Beginning with the line where "Right to Left Swing in Countertop Microwaves" appears, repeat every remaining line of the entries exactly, the last line included.

───

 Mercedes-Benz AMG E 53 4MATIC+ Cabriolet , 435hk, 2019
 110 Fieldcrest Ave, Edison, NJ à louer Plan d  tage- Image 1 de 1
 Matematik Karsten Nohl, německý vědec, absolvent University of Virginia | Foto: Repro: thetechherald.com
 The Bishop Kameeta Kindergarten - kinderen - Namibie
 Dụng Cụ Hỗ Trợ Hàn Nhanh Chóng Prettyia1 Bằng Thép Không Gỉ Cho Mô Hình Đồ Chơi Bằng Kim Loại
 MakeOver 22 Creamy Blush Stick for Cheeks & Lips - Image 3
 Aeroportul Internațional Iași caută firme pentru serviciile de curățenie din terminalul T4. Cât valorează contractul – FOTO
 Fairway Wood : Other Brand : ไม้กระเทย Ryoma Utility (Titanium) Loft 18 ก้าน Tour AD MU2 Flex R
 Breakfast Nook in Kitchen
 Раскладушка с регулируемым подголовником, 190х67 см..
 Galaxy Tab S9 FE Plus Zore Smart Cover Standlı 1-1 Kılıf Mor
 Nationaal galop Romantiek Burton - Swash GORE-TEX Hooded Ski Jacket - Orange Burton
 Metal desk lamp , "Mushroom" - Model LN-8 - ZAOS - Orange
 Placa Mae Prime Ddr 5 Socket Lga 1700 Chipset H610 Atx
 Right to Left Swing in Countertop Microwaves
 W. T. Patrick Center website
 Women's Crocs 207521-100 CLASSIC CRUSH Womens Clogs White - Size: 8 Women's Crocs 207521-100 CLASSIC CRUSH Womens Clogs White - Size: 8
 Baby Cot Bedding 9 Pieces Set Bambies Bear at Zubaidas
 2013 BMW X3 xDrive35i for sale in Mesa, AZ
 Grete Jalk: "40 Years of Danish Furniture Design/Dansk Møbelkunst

───

## FINISHED EXERCISE
 Right to Left Swing in Countertop Microwaves
 W. T. Patrick Center website
 Women's Crocs 207521-100 CLASSIC CRUSH Womens Clogs White - Size: 8 Women's Crocs 207521-100 CLASSIC CRUSH Womens Clogs White - Size: 8
 Baby Cot Bedding 9 Pieces Set Bambies Bear at Zubaidas
 2013 BMW X3 xDrive35i for sale in Mesa, AZ
 Grete Jalk: "40 Years of Danish Furniture Design/Dansk Møbelkunst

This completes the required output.